¶ 1. Danny A. Reynolds appeals from the judgment of conviction for second-degree sexual assault of a child, entered after revocation of probation,1 and from the circuit court order denying his subsequent motion for resentencing or sentence modification. He argues that he is entitled to resentencing because the judge who sentenced him after revocation, who was not the judge who presided over the trial and ordered his probation, erred in imposing a "severe" ten-year sentence without reviewing the trial testimony, the presentence investigation report, or the sen*801tencing judge's "findings" from the original sentencing proceeding.2 Reynolds requests that this court reverse the order denying his motion; vacate the postrevocation judgment of conviction, and grant him resentencing.

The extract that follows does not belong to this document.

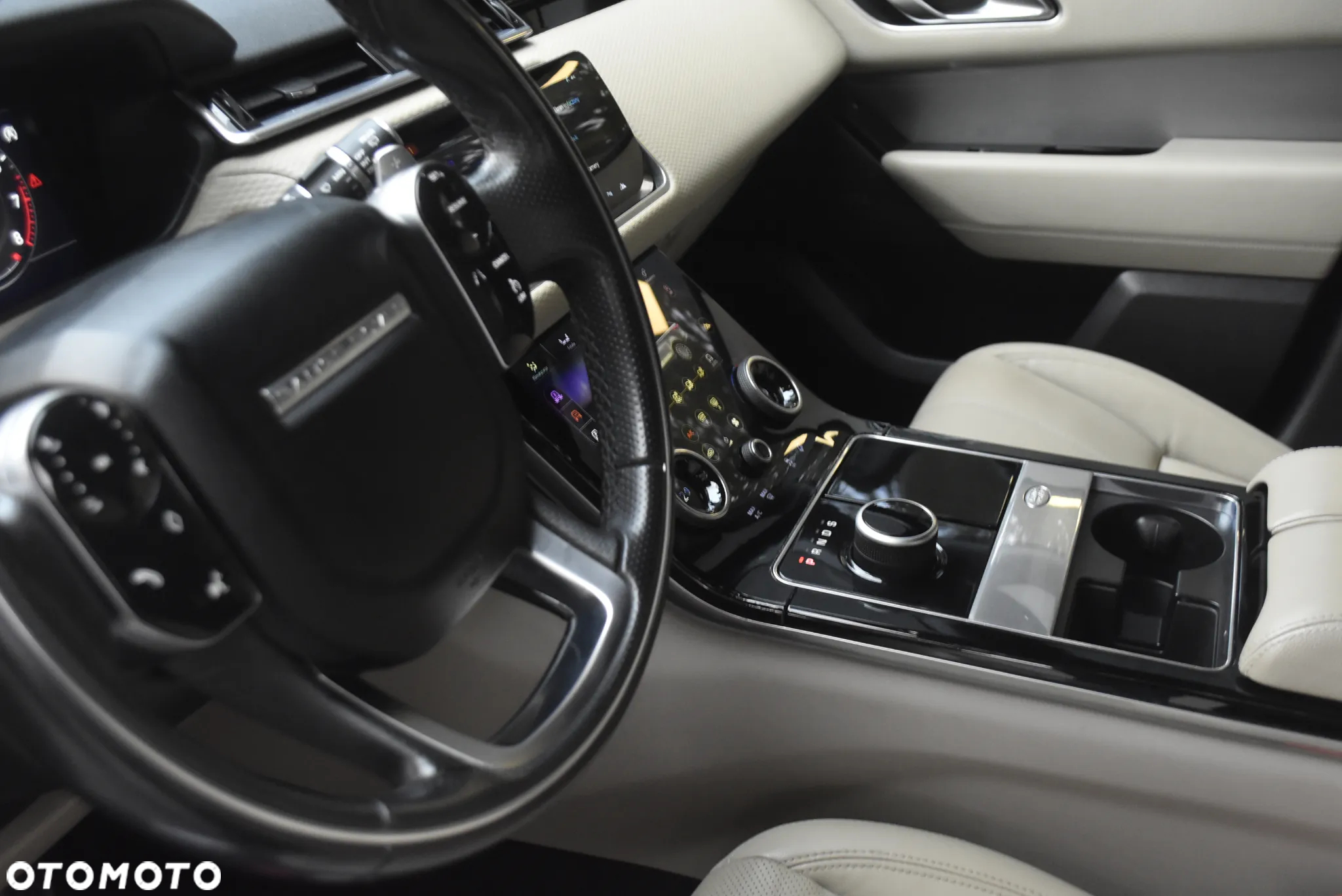 Land Rover Range Rover Velar 2.0 Si4 GPF R-Dynamic SE - 13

¶ 2. We conclude that because the sentencing-after-revocation record does not reflect the sentencing judge's awareness of the information in the presentence investigation report, and of the factors the trial judge found significant in deciding that Reynolds' case was an exceptional one justifying the withholding of sentence, resentencing is appropriate. Accordingly, we reverse and remand for resentencing.3
I. BACKGROUND
¶ 3. Reynolds was the executive director of the Open Door Community Center, a government-funded family services agency. In 1996, in a trial before Judge David A. Hansher, a jury found Reynolds guilty of *802second-degree sexual assault of a child, for his fondling of a thirteen-year-old boy who, following his mother's death, had been living with Reynolds.
¶ 4. At the sentencing on November 8,1996, after considering a presentence investigation report, the recommendations of counsel, letters and statements from various persons on behalf of Reynolds, and Reynolds' remarks, Judge Hansher placed Reynolds on probation for five years with various conditions, including that he perform two hundred hours of community service and serve six months in the House of Correction with work-release privileges.4 Judge Hansher noted that he was taking the unusual step of withholding sentence, rather than imposing and staying a sentence. Judge Hansher explained that the offense was "on the lower end of considering how outrageous it is," and further observed:
So even though it's a second!-] degree sexual assault, I will consider the circumstances, and I did hear *803the testimony during the trial, so I'm well aware of all the facts and circumstances.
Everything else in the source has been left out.